= Jauhien Kulik =

The 1991–1995 Coat of Arms of Belarus designed by Jauhien Kulik

Jauhien Kulik (October 31, 1937 – January 12, 2002) was a Belarusian artist and graphic designer. He is the designer of the 1991–1995 Coat of Arms of Belarus, which was a version of the medieval symbol Pahonia.

Jauhien Kulik was born in Minsk. In 1957 he graduated from the Minsk State Arts College, and in 1963 from the Belarusian State Academy of Arts.

After graduation, he worked as a designer and illustrator of books, and participated in numerous personal exhibitions. In the 1960s, he became a leader of an informal group of Belarusian-speaking dissident artists in Minsk. In 1980, he created a Samizdat postcard dedicated to the 1000th anniversary of Belarusian statehood.

Kulik illustrated the first Anatol Titou’s book about the coats of arms of Belarusian towns (1983).
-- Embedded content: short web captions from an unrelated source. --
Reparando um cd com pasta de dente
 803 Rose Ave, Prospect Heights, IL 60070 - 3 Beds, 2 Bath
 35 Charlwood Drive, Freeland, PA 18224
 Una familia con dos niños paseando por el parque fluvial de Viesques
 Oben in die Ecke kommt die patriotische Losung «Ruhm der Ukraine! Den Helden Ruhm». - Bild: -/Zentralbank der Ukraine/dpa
Titou’s work of reconstructing the Belarusian heraldic tradition was not welcomed by the Soviet authorities: none of 1,000 copies of the book reached the state-controlled distribution and almost all copies rotted away in a warehouse.

In the late 1980s, he became an active member of the Belarusian Popular Front.

In 1991, after the restoration of the independence of Belarus, Jauhien Kulik was the main designer of the new Coat of Arms of Belarus—the Pahonia.

Jauhien Kulik died in 2002. He is buried in Kalvaryja cemetery in Minsk.